◆ Task goal ◆
Every single entry that follows must be copied exactly.

◆ Extracted records ◆
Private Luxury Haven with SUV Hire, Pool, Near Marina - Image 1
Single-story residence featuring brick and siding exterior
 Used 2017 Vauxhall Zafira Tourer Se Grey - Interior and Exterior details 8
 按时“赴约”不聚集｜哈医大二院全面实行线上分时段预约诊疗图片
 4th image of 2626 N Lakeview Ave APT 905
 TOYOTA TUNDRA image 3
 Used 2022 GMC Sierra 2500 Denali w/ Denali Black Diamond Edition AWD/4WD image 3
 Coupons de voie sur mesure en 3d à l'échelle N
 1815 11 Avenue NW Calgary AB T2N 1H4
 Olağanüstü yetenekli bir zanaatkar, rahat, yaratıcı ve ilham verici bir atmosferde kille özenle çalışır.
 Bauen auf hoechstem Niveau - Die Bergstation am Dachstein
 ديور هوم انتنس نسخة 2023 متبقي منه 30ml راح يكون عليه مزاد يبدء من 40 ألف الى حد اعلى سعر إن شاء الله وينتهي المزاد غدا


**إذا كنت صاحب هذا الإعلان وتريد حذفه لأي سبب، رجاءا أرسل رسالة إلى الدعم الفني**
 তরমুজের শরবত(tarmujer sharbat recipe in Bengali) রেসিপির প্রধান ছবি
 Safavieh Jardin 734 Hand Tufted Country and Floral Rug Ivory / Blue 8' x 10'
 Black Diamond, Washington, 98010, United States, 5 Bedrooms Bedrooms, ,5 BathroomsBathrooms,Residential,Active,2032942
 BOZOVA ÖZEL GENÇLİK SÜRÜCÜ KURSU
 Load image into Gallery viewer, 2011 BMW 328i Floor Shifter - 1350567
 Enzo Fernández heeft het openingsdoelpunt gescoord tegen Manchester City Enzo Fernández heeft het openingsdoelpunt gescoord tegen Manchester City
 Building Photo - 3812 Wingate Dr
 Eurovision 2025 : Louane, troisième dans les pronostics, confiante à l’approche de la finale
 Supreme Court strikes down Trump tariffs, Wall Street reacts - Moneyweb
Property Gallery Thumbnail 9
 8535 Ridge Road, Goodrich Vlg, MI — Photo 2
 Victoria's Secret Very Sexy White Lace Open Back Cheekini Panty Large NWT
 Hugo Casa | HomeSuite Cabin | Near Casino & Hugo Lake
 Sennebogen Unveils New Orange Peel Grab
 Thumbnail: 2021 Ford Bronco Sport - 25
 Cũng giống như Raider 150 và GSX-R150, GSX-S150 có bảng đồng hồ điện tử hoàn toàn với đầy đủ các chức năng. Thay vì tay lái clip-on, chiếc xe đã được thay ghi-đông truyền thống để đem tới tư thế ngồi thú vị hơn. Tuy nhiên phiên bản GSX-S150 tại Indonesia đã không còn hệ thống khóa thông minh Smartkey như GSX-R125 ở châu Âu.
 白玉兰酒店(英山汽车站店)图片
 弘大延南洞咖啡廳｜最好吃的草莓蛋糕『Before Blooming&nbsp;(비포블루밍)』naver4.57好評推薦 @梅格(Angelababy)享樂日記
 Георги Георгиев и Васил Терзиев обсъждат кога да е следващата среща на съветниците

◆ Answer for the task ◆
Private Luxury Haven with SUV Hire, Pool, Near Marina - Image 1
Single-story residence featuring brick and siding exterior
 Used 2017 Vauxhall Zafira Tourer Se Grey - Interior and Exterior details 8
 按时“赴约”不聚集｜哈医大二院全面实行线上分时段预约诊疗图片
 4th image of 2626 N Lakeview Ave APT 905
 TOYOTA TUNDRA image 3
 Used 2022 GMC Sierra 2500 Denali w/ Denali Black Diamond Edition AWD/4WD image 3
 Coupons de voie sur mesure en 3d à l'échelle N
 1815 11 Avenue NW Calgary AB T2N 1H4
 Olağanüstü yetenekli bir zanaatkar, rahat, yaratıcı ve ilham verici bir atmosferde kille özenle çalışır.
 Bauen auf hoechstem Niveau - Die Bergstation am Dachstein
 ديور هوم انتنس نسخة 2023 متبقي منه 30ml راح يكون عليه مزاد يبدء من 40 ألف الى حد اعلى سعر إن شاء الله وينتهي المزاد غدا


**إذا كنت صاحب هذا الإعلان وتريد حذفه لأي سبب، رجاءا أرسل رسالة إلى الدعم الفني**
 তরমুজের শরবত(tarmujer sharbat recipe in Bengali) রেসিপির প্রধান ছবি
 Safavieh Jardin 734 Hand Tufted Country and Floral Rug Ivory / Blue 8' x 10'
 Black Diamond, Washington, 98010, United States, 5 Bedrooms Bedrooms, ,5 BathroomsBathrooms,Residential,Active,2032942
 BOZOVA ÖZEL GENÇLİK SÜRÜCÜ KURSU
 Load image into Gallery viewer, 2011 BMW 328i Floor Shifter - 1350567
 Enzo Fernández heeft het openingsdoelpunt gescoord tegen Manchester City Enzo Fernández heeft het openingsdoelpunt gescoord tegen Manchester City
 Building Photo - 3812 Wingate Dr
 Eurovision 2025 : Louane, troisième dans les pronostics, confiante à l’approche de la finale
 Supreme Court strikes down Trump tariffs, Wall Street reacts - Moneyweb
Property Gallery Thumbnail 9
 8535 Ridge Road, Goodrich Vlg, MI — Photo 2
 Victoria's Secret Very Sexy White Lace Open Back Cheekini Panty Large NWT
 Hugo Casa | HomeSuite Cabin | Near Casino & Hugo Lake
 Sennebogen Unveils New Orange Peel Grab
 Thumbnail: 2021 Ford Bronco Sport - 25
 Cũng giống như Raider 150 và GSX-R150, GSX-S150 có bảng đồng hồ điện tử hoàn toàn với đầy đủ các chức năng. Thay vì tay lái clip-on, chiếc xe đã được thay ghi-đông truyền thống để đem tới tư thế ngồi thú vị hơn. Tuy nhiên phiên bản GSX-S150 tại Indonesia đã không còn hệ thống khóa thông minh Smartkey như GSX-R125 ở châu Âu.
 白玉兰酒店(英山汽车站店)图片
 弘大延南洞咖啡廳｜最好吃的草莓蛋糕『Before Blooming&nbsp;(비포블루밍)』naver4.57好評推薦 @梅格(Angelababy)享樂日記
 Георги Георгиев и Васил Терзиев обсъждат кога да е следващата среща на съветниците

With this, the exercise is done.